Today's Rise and Rise Of Chatbots

The tech world is now turning en masse to a new kind of virtual assistant: chatbots.

These AI-assisted tools like ChatGPT from the company OpenAI can quickly improvise answers to typed questions.

Users now use ChatGPT to handle complex tasks such as coding software, writing business proposals, and writing novels.

As a technology it does not look stagnant at all: ChatGPT, for example, is a chatbot that is improving rapidly, just a few months after its launch.

Just a few days ago, OpenAI introduced its next-generation AI tool, GPT-4, which powers ChatGPT.

In this context, both the excitement surrounding chatbots and their rapid evolution seem to have begun to put virtual assistants like Siri and Alexa on the sidelines of the “race” for dominance in the field of artificial intelligence.

During the last decade, virtual assistants faced many obstacles.

Siri, for example, faced technological hurdles, including unwieldy code that took weeks to update with basic features.

At the same time, Amazon and Google invested in virtual assistant features that users rarely used and thus did not perform as expected.

All this as enthusiasm for said technology gradually waned and waned.

How Do Chatbots Differ From Virtual Assistants?

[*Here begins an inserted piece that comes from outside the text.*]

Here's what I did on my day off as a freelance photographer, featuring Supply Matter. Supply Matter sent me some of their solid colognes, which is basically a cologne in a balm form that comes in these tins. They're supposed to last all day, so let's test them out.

Assistants and chatbots are based on different versions of artificial intelligence.

Chatbots work with so-called “large language models”, which are systems that have been trained to recognise and produce text based on huge data sets from the web.

They can then suggest words to complete a sentence.

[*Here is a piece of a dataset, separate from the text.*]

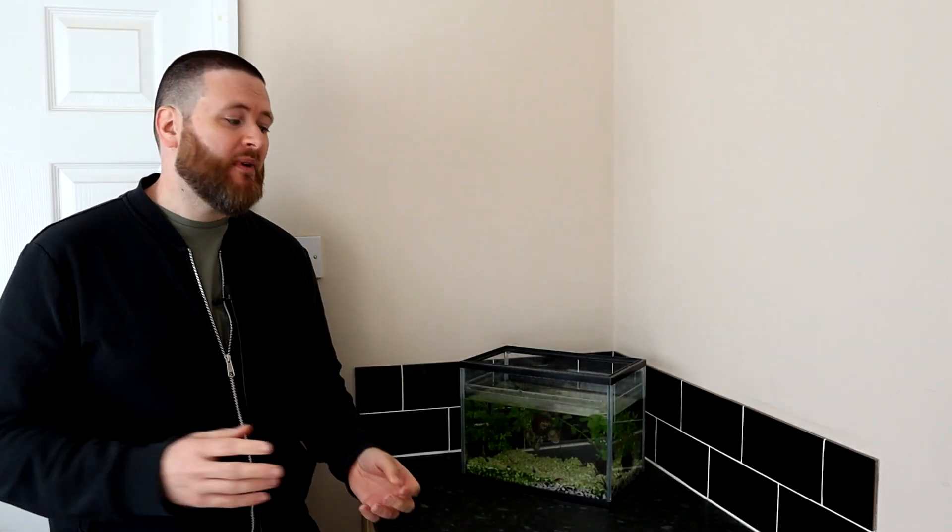In the last episode of Frogwatch I didn't mention my tadpoles or frogs at all, so I thought this week we'd talk exclusively about the kinds of frogs and toad species that you might find here in the UK. Welcome to Frogwatch.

Siri, Alexa, and Google Assistant are essentially so-called command and control systems.

This means they can only understand a finite list of questions and requests like, “What’s the weather like in New York?” or “Turn on the bedroom lights.”

So if a user asks the virtual assistant to do something that isn’t included in its code, the bot just says it can’t help, unlike chatbots.

Conclusion

We have to give it to the early language-generative AI adventurers like Siri, Alexa, and Google Assistant as the pacesetters who saw tomorrow. 

What some may prefer to see as losing can actually be an advantage to the extent that the progenitors of language AI can leverage existing knowledge and background structures to find something far more poignant than the ChatGPT series.